Here are the steps I take:

  1. Seduction
    Once I know what I want to do, I seduce my submissive. Sometimes I put little notes in his underwear so when he dresses after showering in the morning, he knows I'm in the mood. Often, I drop hints in e-mail. For example, I'll tell him to bring me a red candle when he arrives. Or I'll instruct him to meet me for lunch and I'll add to the e-mail, "I'll recognize you from the single red rose you are carrying for me."

  2. Strategy
    If there are children at home, I suggest you do your best to get them into bed (or at sleepovers) when you want to play. Even though you can play when they're asleep, it's freeing for both of you to have them visiting their friends that night because it allows you to be louder than usual and make use of your entire home, instead of just the bedroom.

    After a nice dinner, skip the television and entice him to where you want to play. If you have pre-lighted candles, he'll get the idea quickly. If you're wearing whatever makes you "feel like a Domme," it will assist you in getting him started.

    If playing at home isn't workable, then plan a short weekend trip or overnight, even to a local hotel. (Get one with a whirlpool in the room!)

  3. Mood
    I set the mood well before he arrives and continue it throughout the scene. From my phone calls, e-mail or written notes, he knows that something is up, but I rarely tell him exactly what it is. If I'm in the mood to be aggressively dominant, my tone in those notes and calls is extremely assertive and I might add a few well-selected key phrases so he has no doubt as to the intensity I'm going to inflict on him during our play.

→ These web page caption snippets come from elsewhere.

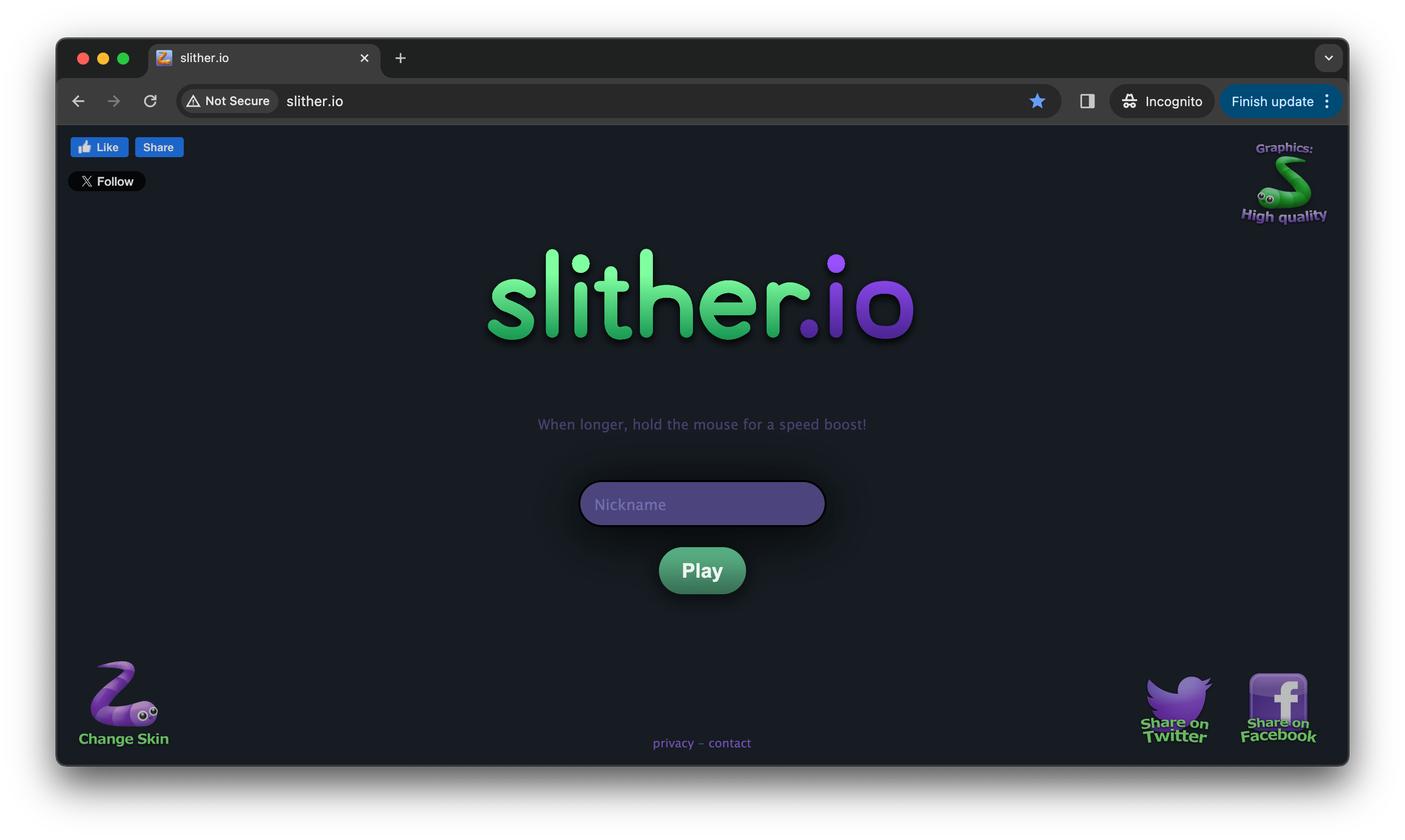 Screenshot of the famous Slither.io website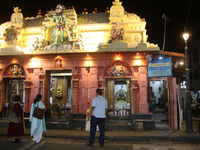 Devotees are offering prayers at the Sree Hanuman Swamy Temple during the night of the Vishu Festival in Thiruvananthapuram (Trivandrum), Ke...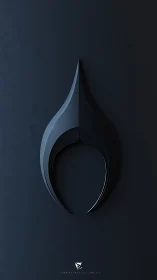 Central matte-black teardrop emblem rendered with sleek extruded geometry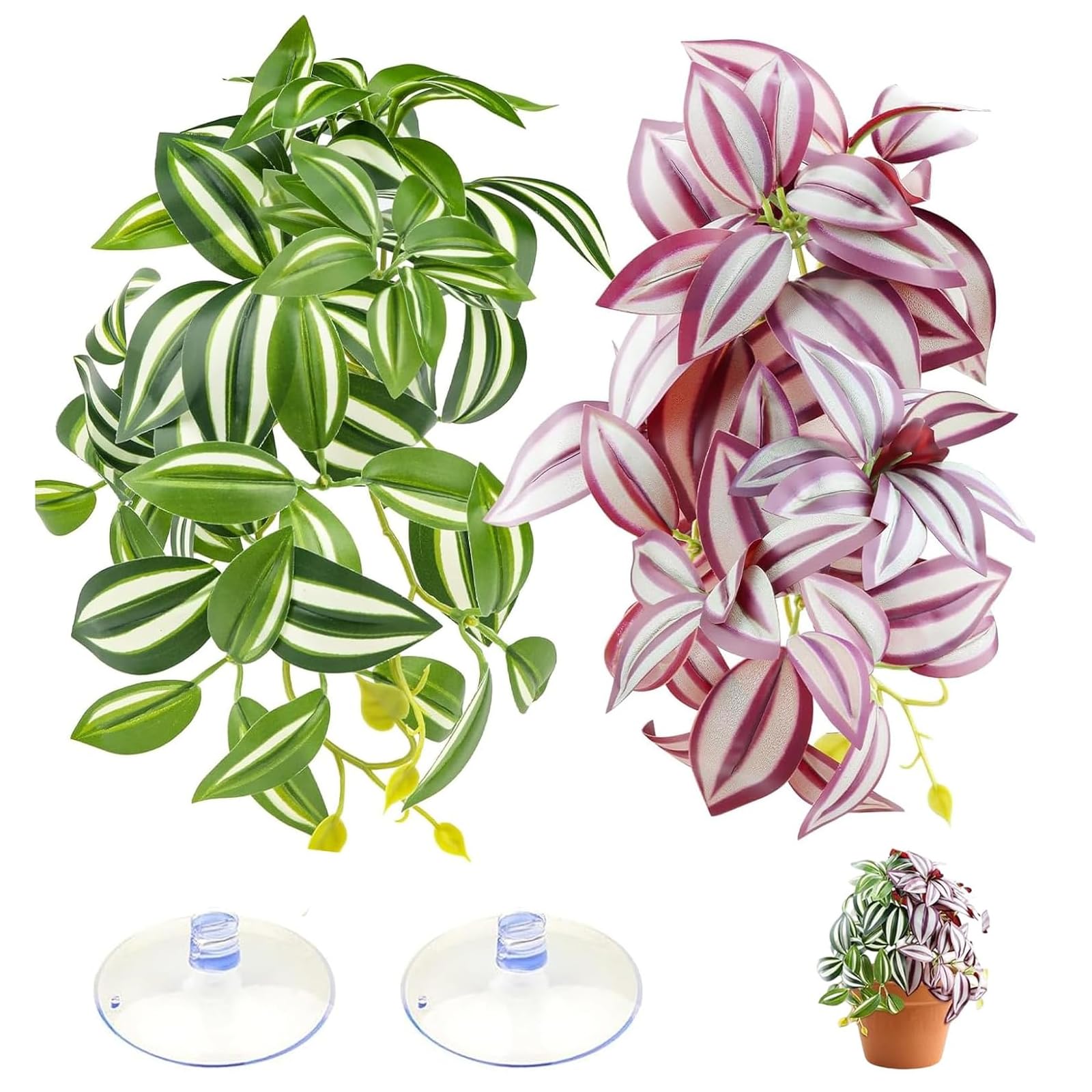 Tarqite Reptile Plants Artificial Hanging Plants with Suction Cups, Habitat Decor Plastic Vines Decorations Vivarium Decoration for Crested Gecko Tank Accessories, 3D Printed Life-like Leaves Greenery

    Sometimes, I'll remind him to "have his cute little ass in my bedroom" at 8:00 sharp. Other times, I'll leave him a note to "be on your knees, naked and ready" at 7:00 on the dot. The tone of those notes sets the mood and keeps his interest piqued. (Note: don't do this in e-mail where he works. It's not right and it's dangerous for both of you.)

  4. Plan Plan Plan
    There is no such thing as too much planning for me. I've been called anal, obsessive and a bit fanatical about having everything that I want where I want it. Testing batteries or buying fresh ones, making sure the digital camera is handy, putting matches next to the candles, having the evening's selection of toys laid out and handy are all hallmarks of my style. Of course, that doesn't mean I will use each of the toys as is doesn't mean I won't want one I just didn't think about beforehand. There's always room for improvisation based on what's happening between us at the moment.

  5. Play!
    Need I say more?

    Do what makes you feel good within the bounds of safe, sane, consensual and adult. Go slow, try to feel what your partner is feeling and enjoy what you are doing. This is the place that women have to learn to allow their feelings and let them shine through!

  6. Aftercare
    When you seduce a man and both help and force him to taste his own submission, recognize that you are touching his mind and his soul as well as his body. Just like you don't like a man who rolls over after sex and starts snoring when you'd rather be held or talk, it's almost cruel to dismiss your partner immediately after play. The reason you're reading this is because, I hope, there is someone you love or care deeply about and want to take to another level of intimacy. Don't fall into the trap of trying to clean everything up immediately after you're done. Hold him, pet him, reassure him (especially if he touched something emotional inside himself) and let him know that your play is play -- with a beginning, duration and end. When it's over, take care of him and let him take care of you, too.

Don't be surprised if you're both hungry and thirsty when you're done. Use that time to talk about what you just did together and use your empathy to figure out what he enjoyed or hated the most, what he'd love to or refuses to do again, what you felt good or badly about, what skills you demonstrated or need to learn and most of all, how the scene made you both feel.

Some of my best and most intense conversations with my submissive happen during those fabulous moments. Cherish them.